◆ **To do**: Would you give back exactly the lines from the line with "cross! http://www ..." through the end of the entries below, both included, but none of the pictures?

◆ **Data section**:
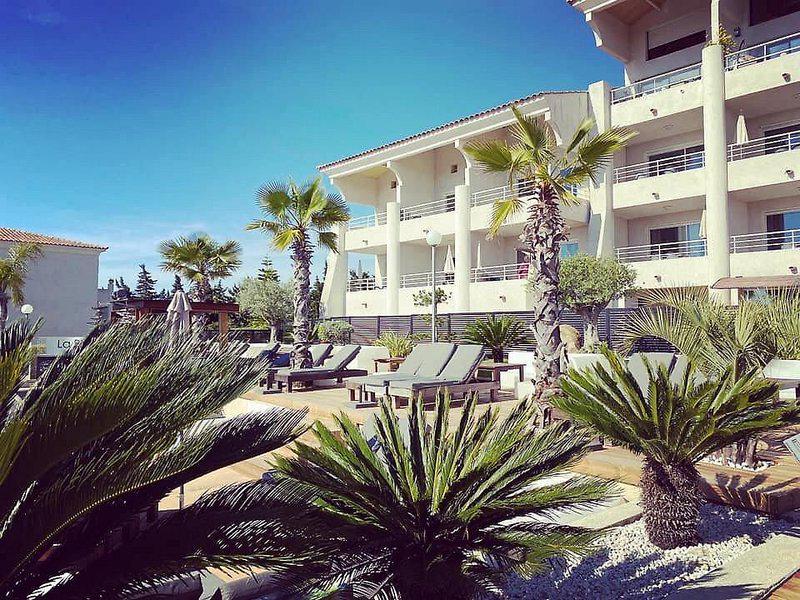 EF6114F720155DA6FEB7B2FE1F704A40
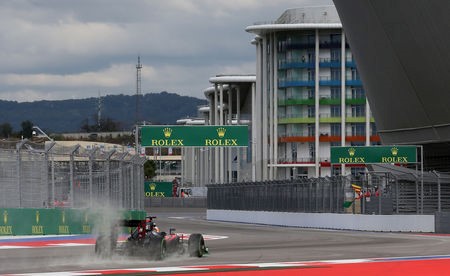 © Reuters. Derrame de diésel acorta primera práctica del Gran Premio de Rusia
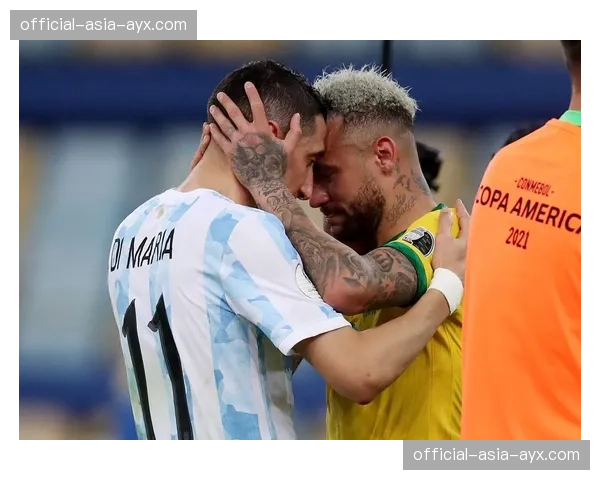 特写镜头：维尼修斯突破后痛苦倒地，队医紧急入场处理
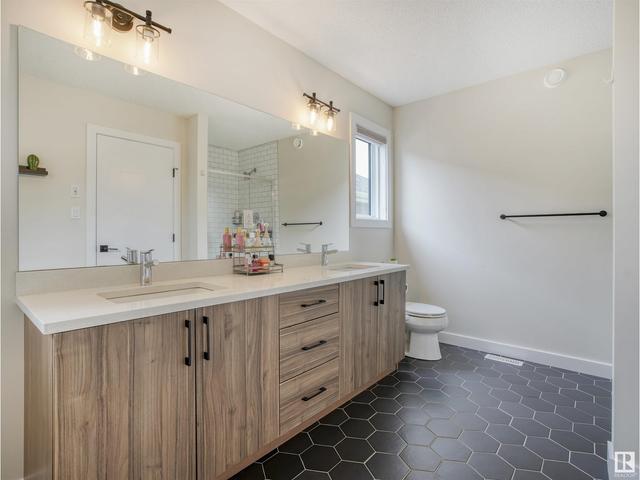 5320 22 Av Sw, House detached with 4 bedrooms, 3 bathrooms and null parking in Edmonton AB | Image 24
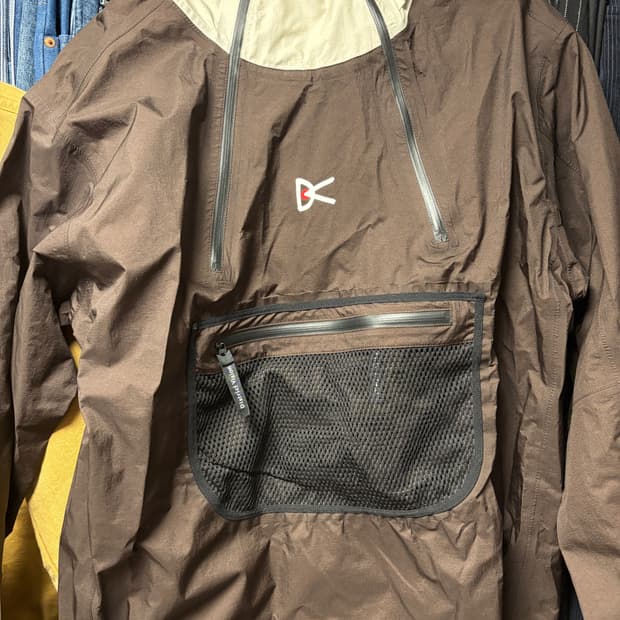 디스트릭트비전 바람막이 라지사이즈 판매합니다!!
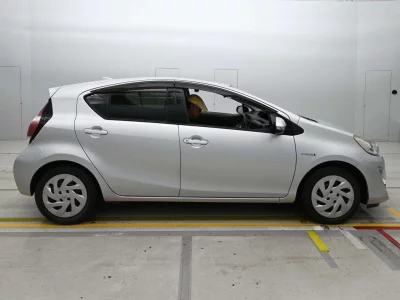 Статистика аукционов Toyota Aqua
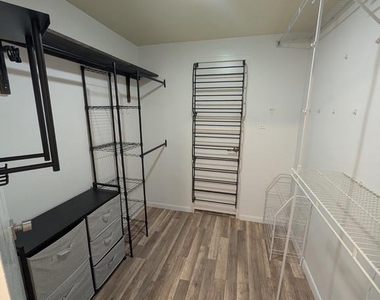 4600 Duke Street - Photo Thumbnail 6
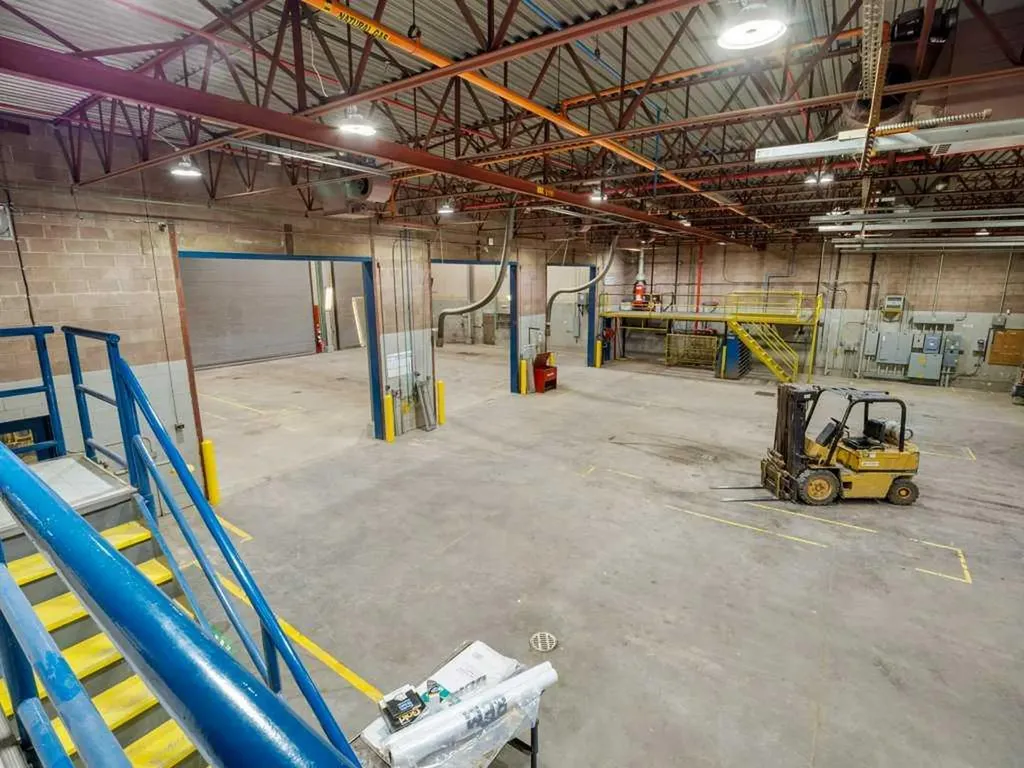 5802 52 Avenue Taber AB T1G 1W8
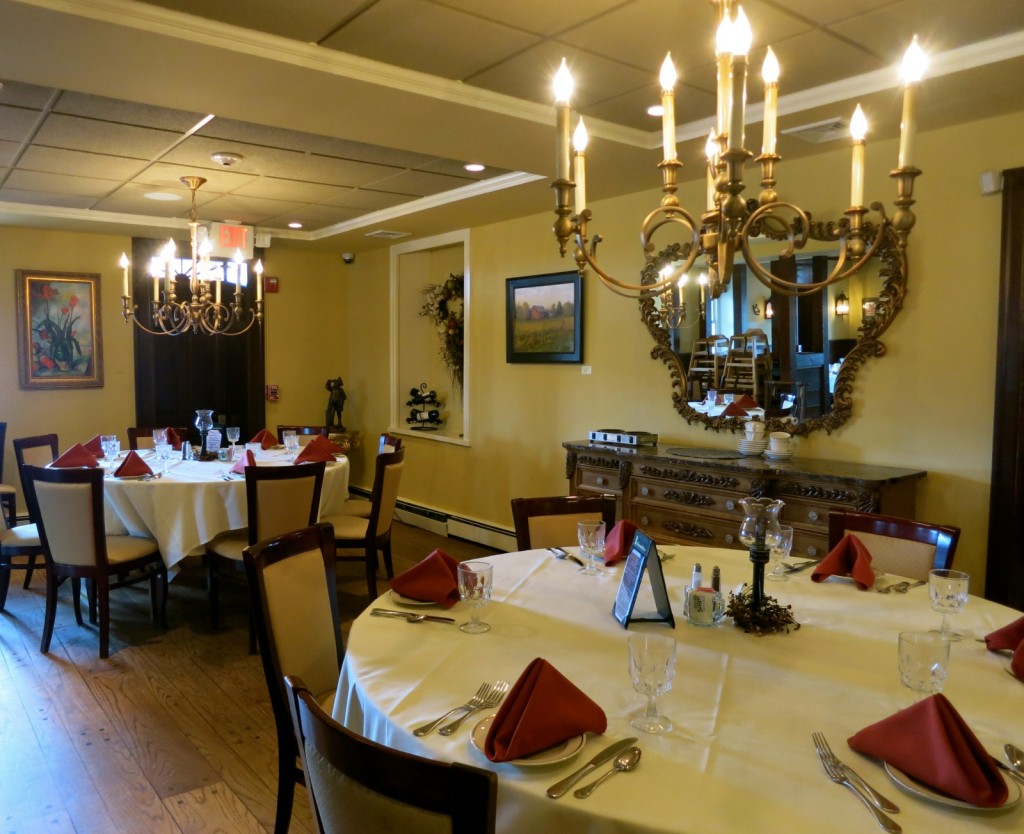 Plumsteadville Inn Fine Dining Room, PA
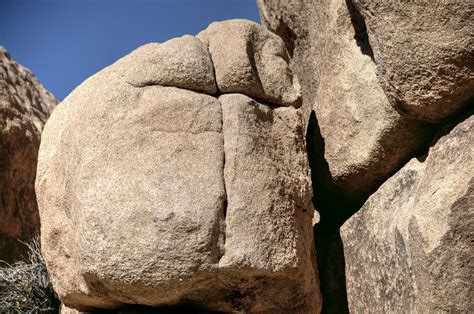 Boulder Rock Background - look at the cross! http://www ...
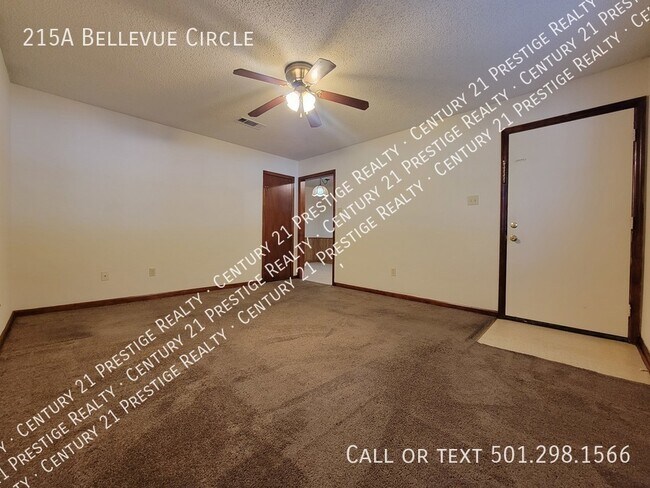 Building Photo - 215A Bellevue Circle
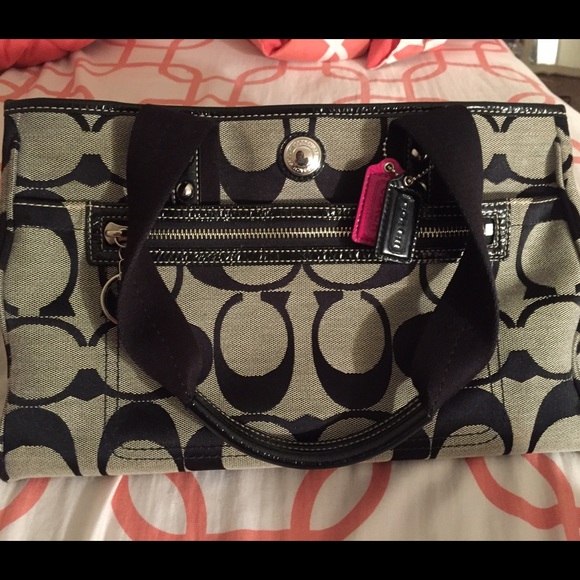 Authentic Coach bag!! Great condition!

◆ **Written answer**:
 Boulder Rock Background - look at the cross! http://www ...
 Building Photo - 215A Bellevue Circle
 Authentic Coach bag!! Great condition!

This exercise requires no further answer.